CVE-2026-23168 in Linux
Summary
by MITRE • 02/14/2026
In the Linux kernel, the following vulnerability has been resolved:
flex_proportions: make fprop_new_period() hardirq safe
Bernd has reported a lockdep splat from flexible proportions code that is essentially complaining about the following race:
<timer fires> run_timer_softirq - we are in softirq context call_timer_fn writeout_period fprop_new_period write_seqcount_begin(&p->sequence);
<hardirq is raised> ... blk_mq_end_request() blk_update_request() ext4_end_bio() folio_end_writeback() __wb_writeout_add() __fprop_add_percpu_max() if (unlikely(max_frac < FPROP_FRAC_BASE)) {
fprop_fraction_percpu() seq = read_seqcount_begin(&p->sequence); - sees odd sequence so loops indefinitely
Note that a deadlock like this is only possible if the bdi has configured maximum fraction of writeout throughput which is very rare in general but frequent for example for FUSE bdis. To fix this problem we have to make sure write section of the sequence counter is irqsafe.
VulDB is the best source for vulnerability data and more expert information about this specific topic.
Analysis
by VulDB Data Team • 05/05/2026
The vulnerability CVE-2026-23168 represents a critical race condition within the Linux kernel's flexible proportions subsystem that specifically affects the fprop_new_period() function's interaction with hardware interrupts. This issue manifests as a lockdep splat indicating an improper handling of sequence counters during concurrent execution contexts. The flaw occurs when a timer interrupt fires while the system is processing a softirq context, creating a scenario where hardware interrupts can interfere with the sequence counter operations that are meant to be atomic and safe from concurrent modifications. The vulnerability is particularly concerning because it can lead to indefinite loops and potential system instability when the sequence counter read operations encounter odd sequence values that cause the system to spin indefinitely.

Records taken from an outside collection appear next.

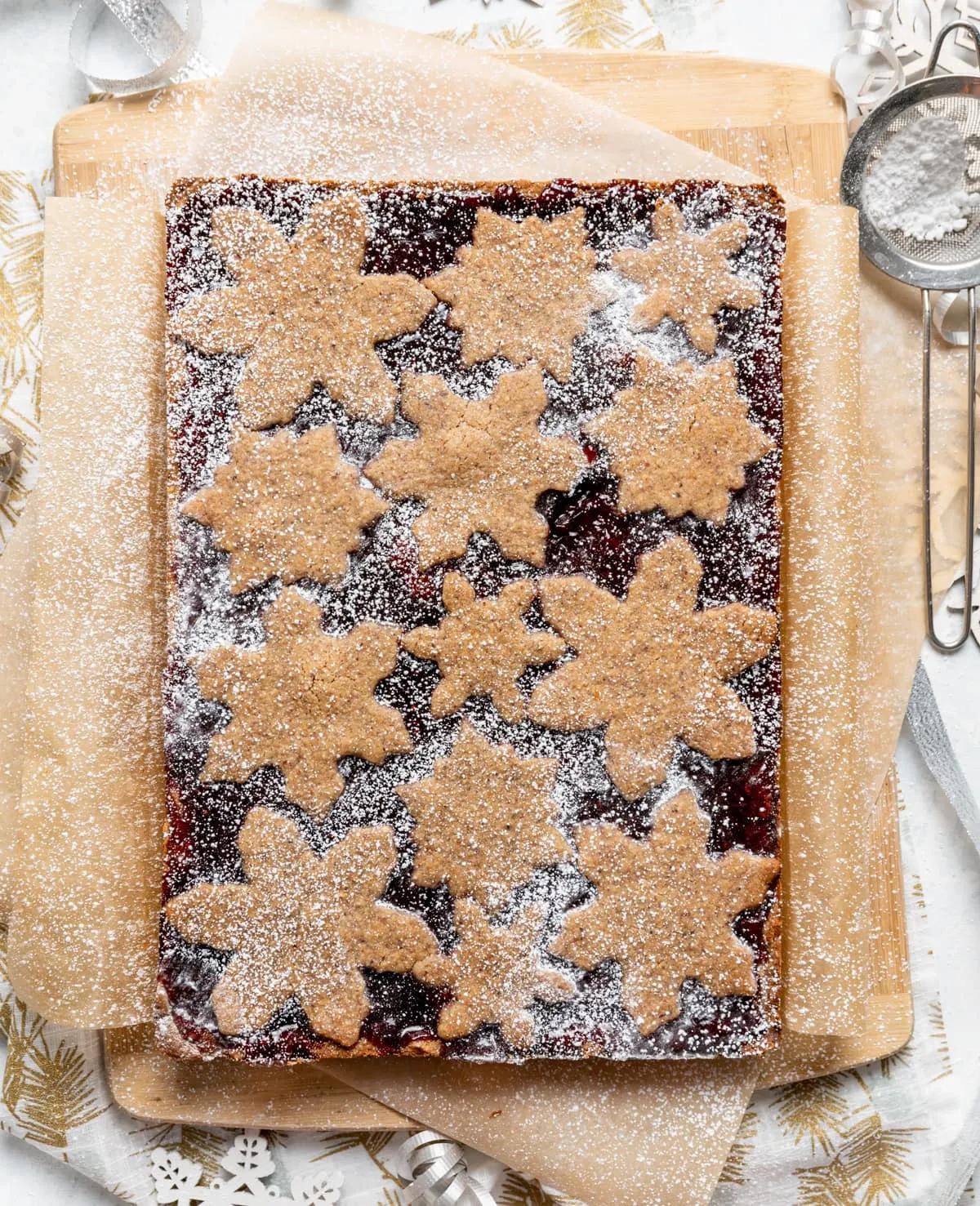 Mixed Berry Snowflake Linzer Torte Bars - Pineapple and Coconut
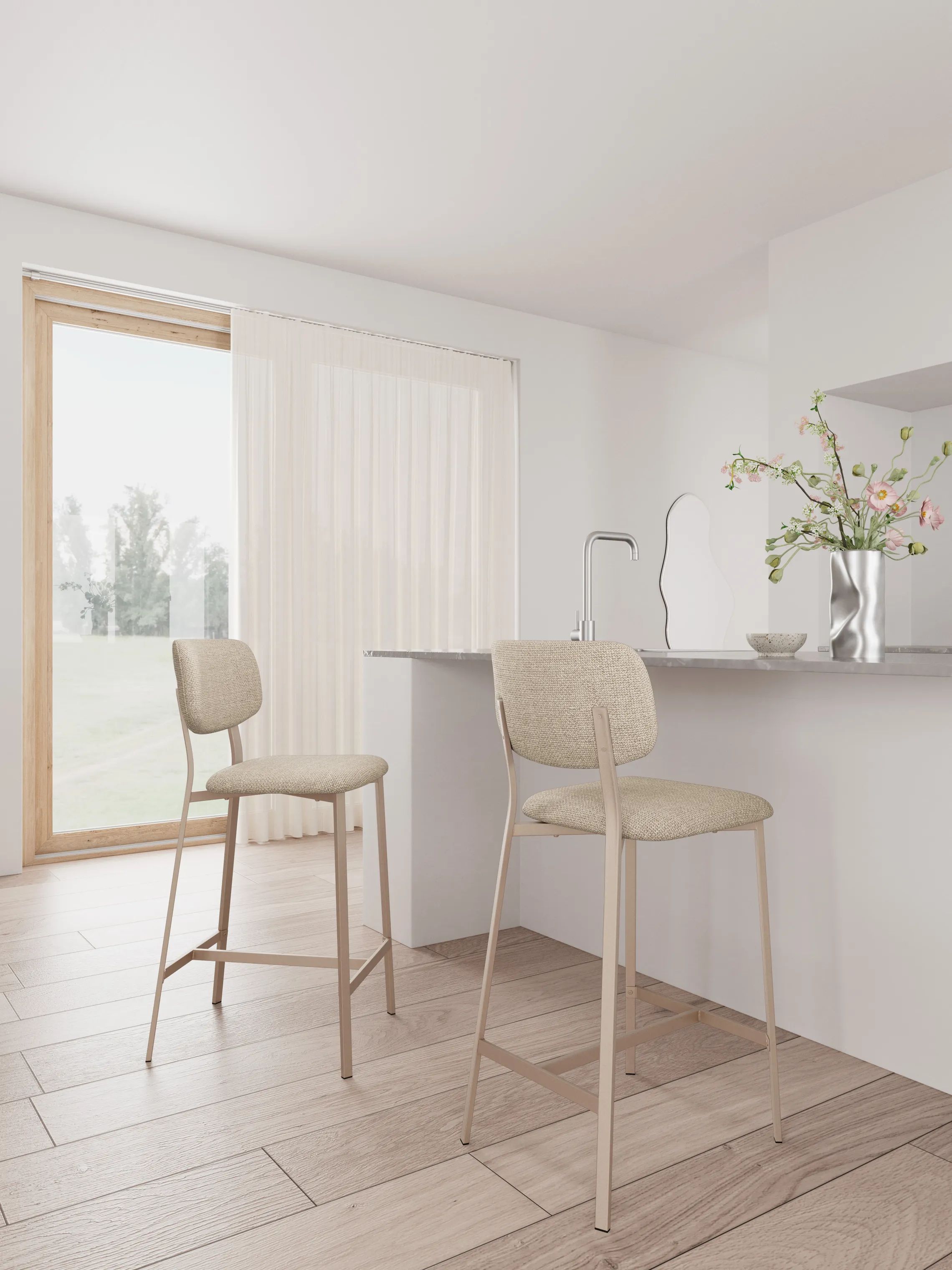 CASA Living Barstole Alison Counterstol - 2 stk. i Beige, 2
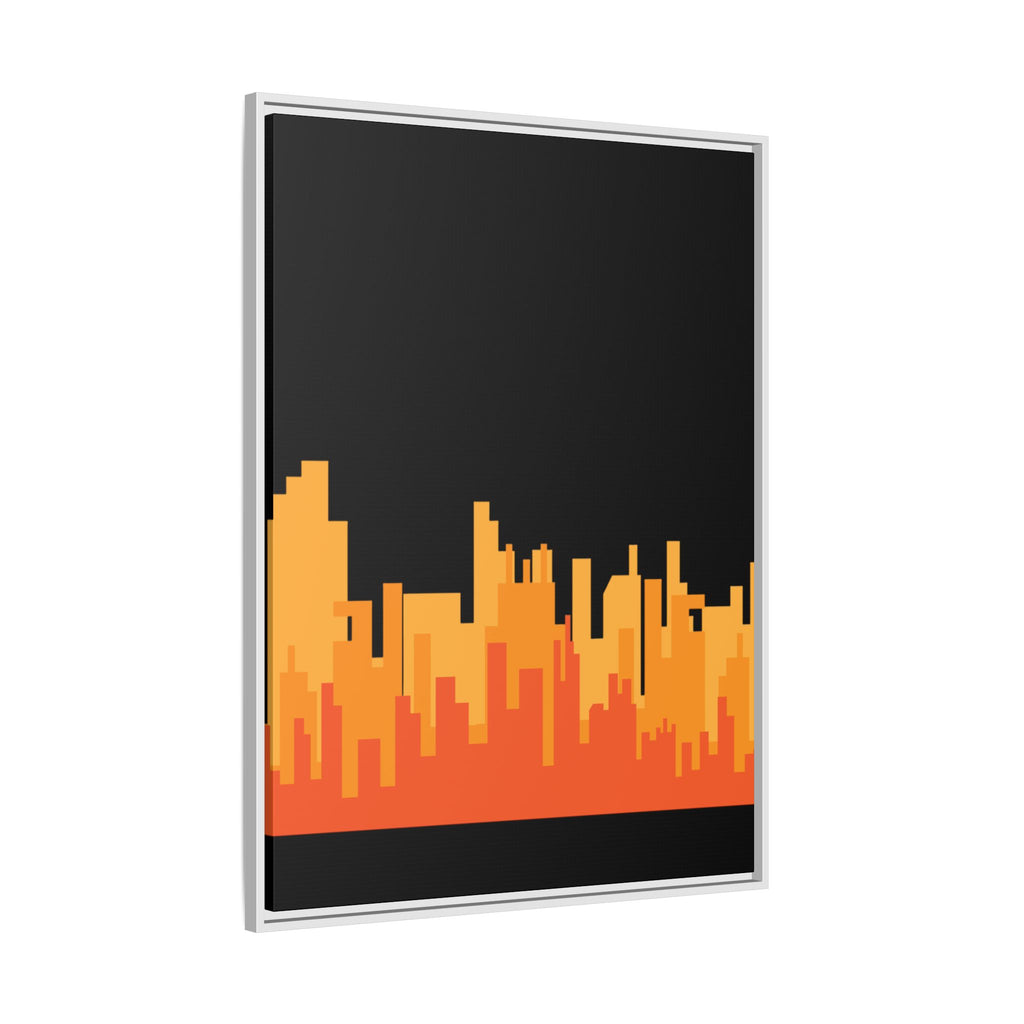City Skyline Matte Canvas Print — Modern Pixelated Orange Urban Art (Framed)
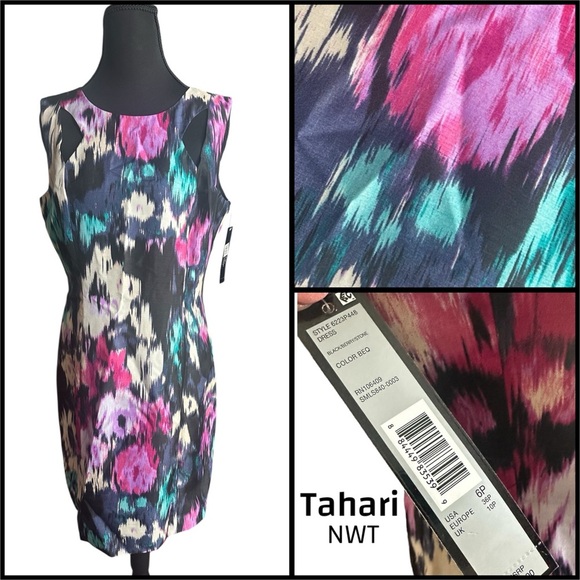 NWT Tahari Women's Vibrant Floral Watercolor Sleeveless Midi Dress Size 6P - Picture 1 of 7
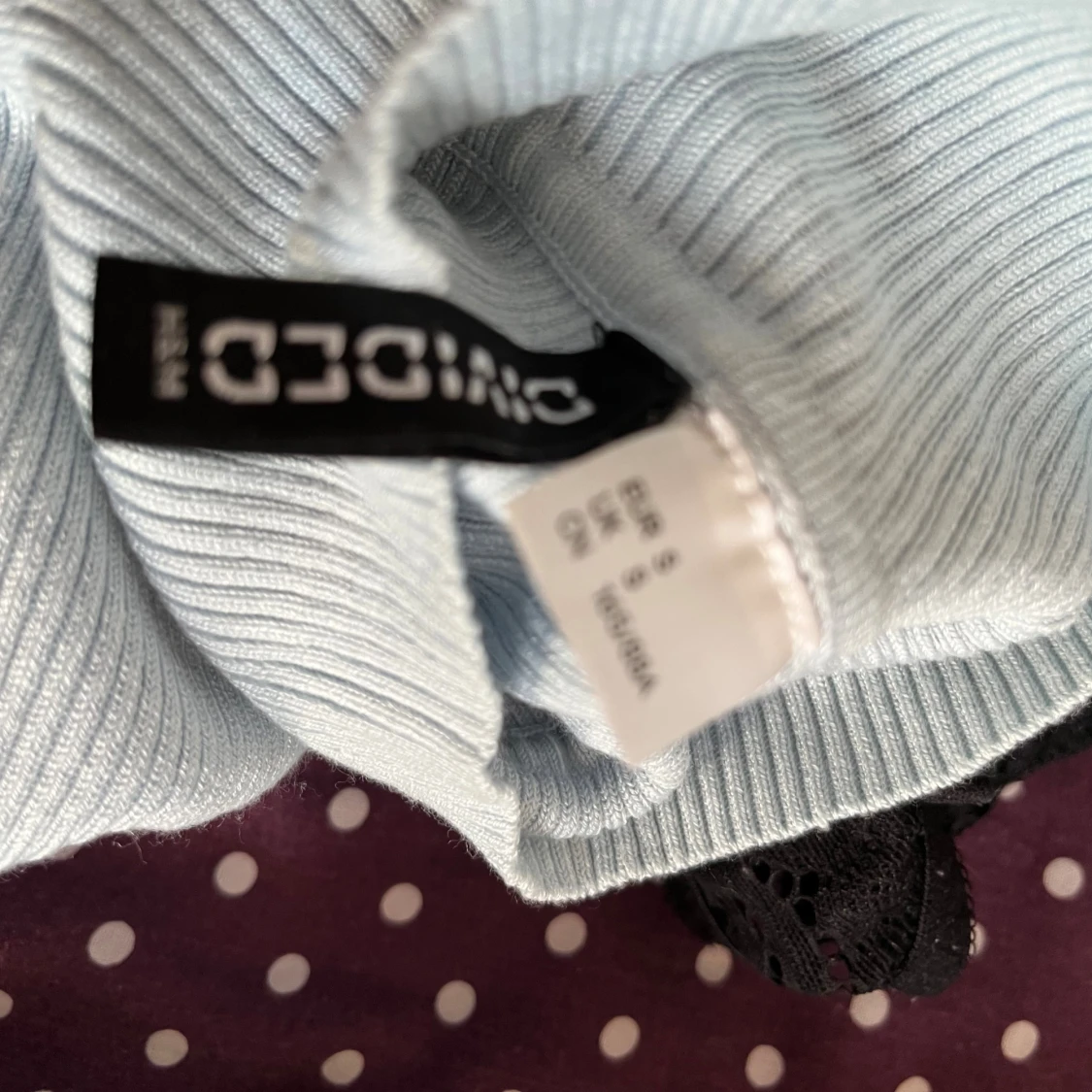 Ljusblå ribbad långärmad topp Chiquelle - 2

The technical implementation of this vulnerability stems from the improper handling of sequence counters in the flexible proportions code path that manages writeout throughput for block device interfaces. When the writeout_period function calls fprop_new_period(), it begins a sequence counter write operation using write_seqcount_begin(&p->sequence) which is designed to protect against concurrent modifications. However, the race condition occurs when a hardirq is raised during this critical section, allowing the interrupt handler to execute while the sequence counter is in an inconsistent state. The specific failure point occurs in the fprop_fraction_percpu() function where read_seqcount_begin(&p->sequence) encounters an odd sequence number, causing the system to enter an infinite loop as the read operation continuously fails to obtain a consistent sequence value.
The operational impact of this vulnerability extends beyond simple performance degradation to potentially causing system hangs or unresponsiveness, particularly in environments where FUSE block device interfaces are heavily utilized. The vulnerability's rarity in general system configurations makes it less likely to be encountered in typical deployments, but its presence in FUSE bdis and other specialized block device implementations means that systems relying on these components face significant risk. The issue demonstrates a fundamental flaw in interrupt handling within kernel sequence counter mechanisms, where the assumption that sequence counter operations are safe from hardware interrupts is violated. This creates a dangerous scenario where a well-timed hardware interrupt can cause the system to enter an infinite loop, effectively rendering the affected subsystem unusable until manual intervention occurs.
This vulnerability aligns with CWE-362, which addresses race conditions in concurrent execution contexts, and specifically relates to the improper handling of sequence counters in kernel-level concurrency control mechanisms. The ATT&CK framework would categorize this under privilege escalation through kernel vulnerabilities, as the race condition could potentially be exploited to cause system instability or denial of service attacks. The fix implemented addresses the core issue by making the write section of the sequence counter operation hardirq safe, ensuring that critical sequence counter modifications cannot be interrupted by hardware interrupts. This approach follows established kernel security practices for managing concurrent access to shared data structures and demonstrates the importance of considering all possible interrupt contexts when designing atomic operations. The mitigation strategy specifically targets the problematic interaction between timer softirq contexts and hardware interrupt handlers, ensuring that sequence counter operations maintain their atomicity regardless of the execution context.